Кумар долбящий и созависимость. Трезвение и литература - страница 24



Причина, по которой эта группа забубенных литераторов стала едва ли не олицетворением титанической русской литературы XIX века, тривиальна и актуальна. Все они – дети пореформенной эпохи, чья юность совпала с отменой крепостного права, растянувшейся на несколько десятилетий. Надо было срочно наращивать новый обличительный пафос. Вектор перманентной – от Радищева – борьбы с крепостничеством смещался к голому натурализму. Советский исследователь Н. Пруцков писал: «Опыт творческой работы шестидесятников-демократов подтверждает, что натуралистические приемы воспроизведения могут успешно, плодотворно трансформироваться и ассимилироваться реалистами, служить реалистическому методу, что они оправданы, когда у беллетриста речь идет об уродливых, «гнойных» сторонах жизни, о быте и обитателях «дна», ночлежных и работных домов, проституции, «мастеровщине». О тех, кто «ближе к земле», но не крестьяне, о подвальной публике, любил писать и Помяловский: «…в подвалах флигелей, вдали от света Божьего, гнездится сволочь всякого рода, отребье общества, та одичавшая, беспашпортная, бесшабашная часть человечества, которая вечно враждует со всеми людьми, имеющими какую-нибудь собственность, скрадывает их, мошенничает…»

Вульгарная социология и идеология тотального отрицания прошлого строилась на отсутствии позитивного идеала, на безопорности образующейся разночинной формации, детей и внуков вчерашних крепостных, начинавших свою историю с чистого листа. И все, что этому отрицанию споспешествовало, шло в дело. Шестидесятники были людьми талантливыми, с прекрасными задатками, вопреки собственным утверждениям, достаточно образованными. Да и ужасающая бедность многих из них была, согласно классовой теории, изрядно преувеличена. Достаточно сравнить, бродя литературным кварталом Екатеринбурга, добротный домик однотомного Левитова с кособокой избушкой плодовитого и высокогонорарного Мамина-Сибиряка.

Социальная ниша, из которой большинство писателей-демократов вышло, только начинала заполняться и конструироваться. Они едва нащупывали свое место в свежеиспеченной реальности. Повесть «Мещанское счастье» Помяловского начинается с приступа зависти: «Егор Иванович Молотов думал о том, как хорошо жить помещику Аркадию Иванычу на белом свете, жить в той деревне, где он, помещик, родился, при той реке, в том доме, под теми же липами, где протекло его детство. При этом у молодого человека невольно шевельнулся вопрос: «А где же те липы, под которыми прошло мое детство? – нет тех лип, да и не было никогда».

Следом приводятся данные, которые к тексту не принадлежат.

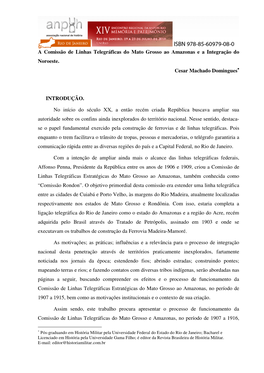 A Comissão De Linhas Telegráficas Do Mato Grosso Ao Amazonas E a Integração Do Noroeste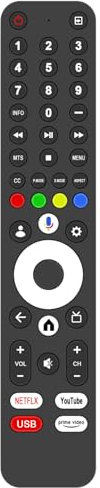 Voice Replacement Remote Control Commander Compatible with Tutu 2023 2024 Smart Google TV 43N1 TSG43 24F1 TSG24 TSG32 32Q1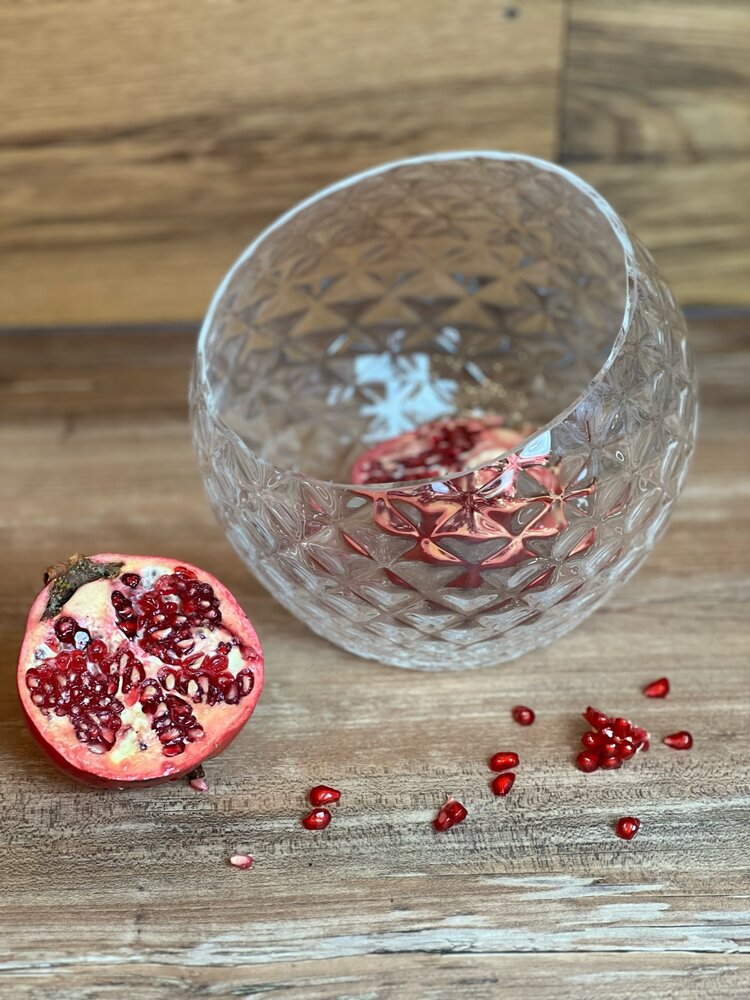 Skloglass Handgemaakt kristallen Dahlia schaal 150mm - Kristal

Отрицание доступнее и проще в исполнении, чем геральдические обременения и фамильные многопудовые предания. «Плохого», «гнойного» вообще всегда больше, чем хорошего, природно чистого или очищенного идеалом. Если полюбить «плохое» – оно станет единственной формой высказывания: влюбленный только и может говорить, что о предмете любви, и никакие отрезвления тут не помогают. Как в песне Высоцкого про Нинку:

– Она ж хрипит, она же грязная,
И глаз подбит, и ноги разные,
Всегда одета, как уборщица…
– Плевать на это – очень хочется.

Помяловский вырос на Малоохтинском кладбище в тогдашнем предместье Петербурга, своеобразный быт которого описал в очерке «Поречане». В кладбищенской церкви служил диаконом его отец. Психологию «кладбищенства» диаконский сын вложил в уста художника Череванина. Это, в сущности, невозможность любить жизнь и маниакальная потребность резать всем «правду» в глаза. Горький в пьесе «На дне» почти полвека спустя пришел все же к неизбежности «лжи во спасение» – пусть и в образе противно приторного Луки. Словосочетание «лакировка действительности» прижилось и стало идиомой после передовицы в «Правде»1952 г. До этого в искусстве такая «ложь» называлась образом. «Загноение» действительности образов почему-то не порождает. Фасеточное зрение с чрезвычайно малым радиусом обзора – удел беспозвоночных, а не художников. И реализм демократами был создан такой – фасеточный. Фасетка – самостоятельное зрительное устройство. Ночное насекомое, снабженное иногда тысячью подобных устройств, видит лишь часть общей картины, лишенную подробностей. «Вочеловечивание сущего», свойственное русской литературе и философии, упростилось и уплощилось донельзя.